Watch out for Route 66
Thu, Oct 11, 2007
2,605 miles from home
Gallup, New Mexico
Since we don't have a coffee maker in the room AND there's no microwave, we decide to
roll out of bed, get dressed and find a local coffee shop to write up the trip report.
We thought (briefly) of using the propane camping stove in our room, but decided not
too for two reasons:
It's kind of a third-world thing
It could kill us with carbon monoxide poisoning.
We also don't have any WiFi connection here, so we start "war driving" through Gallup.
War driving is riding around in your car looking for an unsecured wireless network so
you can get on the internet.
We finally find a good one at Glenn's Bakery, but they cleverly situated their router
so that it only really works if you are inside their bakery (drinking their coffee and
eating their donuts). So we're forced (forced!) to drink lattes and eat really tasty
donuts while we compose and send the trip log.
It's a dirty job, but someone has to do it.
Gallup, New Mexico
We hit the road, and note that it is WAY too sunny, here. There's not a cloud in the
sky and, frankly, it's really annoying to have the sun in your eyes when you're trying
to load the car.
We'll be glad to be back in the Pacific Northwest, where this is much less of an
9:23 am ==> 8:23 am
We just crossed into Arizona, not changing time zones, but changing time. See, Arizona
has WAY too much sunshine, so they don't really feel the need to save any of it. So
they don't use Daylight Savings Time.
As a result, although they are still on Mountain Time we change our watches an hour
back from Mountain Time. Confusing? Oh, just wait...
North on Hwy 191
Laura has heard from a friend that there's a really cool canyon north of here, so
she's decided that we should stop by and ogle it. (And because Laura hasn't said one
word about all the times Robert wanted to stop at trees full of shoes and buried cars,
Robert cheerfully agrees.)
From the highway, we can see the Painted Desert to the east. Although
at this point, it looks like they ran out of all the colors but red.
11:00 am? 10:00 am?
We find ourselves singing "Chicago" songs: Does anybody really know what time it is?
Does anybody really care?
See, we're now on the Navajo Indian reservation (the largest Indian reservation in the
US). And because the Navajo are their own nation, they can do whatever they want in
regards to Daylight Savings Time (DST). Their reservation spans four states, so they
have sensibly decided to use DST, which puts them an hour ahead of the rest of
Our watches are beginning to freak out.
We stop at an A&W hamburger stand in town AND THERE'S A HERD OF DAMN COWS IN FRONT OF
IT! Now, Robert grew up in cities, so he's not exactly used to finding beef on the
hoof in front of his burger joints. For that matter, even Laura, who spent a lot of
her youth in the country, is a bit surprised to find four cows, three calves and a
bull lounging outside the A&W.
And the bull doesn't look any too happy, glaring at us as we walk inside.

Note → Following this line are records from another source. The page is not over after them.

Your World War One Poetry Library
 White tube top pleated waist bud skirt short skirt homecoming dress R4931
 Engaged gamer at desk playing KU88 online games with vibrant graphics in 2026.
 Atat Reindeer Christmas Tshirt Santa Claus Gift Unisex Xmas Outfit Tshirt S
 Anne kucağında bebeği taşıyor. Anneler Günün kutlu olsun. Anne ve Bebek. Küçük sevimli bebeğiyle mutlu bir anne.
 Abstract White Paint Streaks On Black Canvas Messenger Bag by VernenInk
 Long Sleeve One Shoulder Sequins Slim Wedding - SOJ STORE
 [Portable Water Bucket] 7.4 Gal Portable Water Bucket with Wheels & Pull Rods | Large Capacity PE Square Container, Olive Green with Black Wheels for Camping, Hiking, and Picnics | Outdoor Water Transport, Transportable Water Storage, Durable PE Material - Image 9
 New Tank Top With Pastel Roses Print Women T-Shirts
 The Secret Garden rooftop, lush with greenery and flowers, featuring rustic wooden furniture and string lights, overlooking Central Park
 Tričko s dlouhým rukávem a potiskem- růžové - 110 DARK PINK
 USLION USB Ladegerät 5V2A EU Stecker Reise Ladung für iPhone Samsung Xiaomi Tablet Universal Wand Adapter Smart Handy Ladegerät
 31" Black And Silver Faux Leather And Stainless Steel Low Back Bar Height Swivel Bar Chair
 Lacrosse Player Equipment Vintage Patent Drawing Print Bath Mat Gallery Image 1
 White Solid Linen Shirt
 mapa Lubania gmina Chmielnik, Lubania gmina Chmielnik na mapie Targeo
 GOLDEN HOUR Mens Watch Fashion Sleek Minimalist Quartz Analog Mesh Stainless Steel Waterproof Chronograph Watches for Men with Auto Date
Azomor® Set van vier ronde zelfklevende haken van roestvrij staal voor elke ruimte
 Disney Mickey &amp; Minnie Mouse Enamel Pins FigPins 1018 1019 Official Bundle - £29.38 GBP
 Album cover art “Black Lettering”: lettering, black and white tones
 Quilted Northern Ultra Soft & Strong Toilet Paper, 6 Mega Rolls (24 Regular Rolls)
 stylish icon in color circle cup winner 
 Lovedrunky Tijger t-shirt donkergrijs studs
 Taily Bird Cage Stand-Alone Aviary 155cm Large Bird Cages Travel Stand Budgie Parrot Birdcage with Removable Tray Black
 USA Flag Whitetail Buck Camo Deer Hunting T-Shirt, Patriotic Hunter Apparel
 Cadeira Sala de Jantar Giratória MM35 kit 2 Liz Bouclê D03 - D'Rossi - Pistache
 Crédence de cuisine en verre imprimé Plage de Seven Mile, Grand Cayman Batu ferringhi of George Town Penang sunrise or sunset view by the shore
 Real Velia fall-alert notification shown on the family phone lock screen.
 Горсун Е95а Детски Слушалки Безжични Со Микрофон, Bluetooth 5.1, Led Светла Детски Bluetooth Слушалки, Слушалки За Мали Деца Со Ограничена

We ask the counter lady about it, and she says, "Oh yeah, sometimes they're outside.
It's free range, you know." We think they heard what A&W sells and are organizing a
"Or getting ready to charge," says Robert.
We exit, walking quickly to our car, carefully pointing to our all-pork hotdog while
hollering, "Look! It's pig! Power to the beef, baby! Cow Tse Tung rocks!"
Canyon de Chelly, AZ
We have reached the fabled Canyon de Chelly, which (for reasons we have yet to
discover) is pronounced "can-yun de shay" (we understand the "canyon" part, we don't
why "Chelly" is pronounced "Shay").
The canyon is magic—well worth the side trip. People have lived here for hundreds of
years; some in the cliffs and more recently, in the bottom, where fields of corn and
other crops thrive from the water it collects and sheltered from the winds of the
The real visual treat is the amazing red rock wall formations contrasting with the
green vegetation of the floor.
There's a road that goes along the rim of the canyon and looks down on
various scenic sights. From one of the lookouts, we can see Anasazi ruins. The Anasazi
are one of those people that conspiracy buffs really love, because they vanished
mysteriously. They were all over the Southwest about a thousand years ago, and then
just went poof.
Some people think they died out, others think they were abducted by space aliens,
while still others think they WERE space aliens. The Navajo think they were ancestors
and deserve respect, so they've left the Anasazi ruins alone.
The ruins are of square clay buildings that sit on cliff faces. It's hard to figure
out how they got up and down—probably ladders (or space ships). Pretty cool.
Along Indian Route 15
We have seen all kinds of signs today about things we're supposed to be watching out
for in the road:
We have not seen ANY of these. Here's what we have seen wandering down the middle of
Puppies (a cute black puppy that ran into the road, causing a
major shift in our load as Robert trimmed our speed from 75 mph to 10 mph in 50 feet)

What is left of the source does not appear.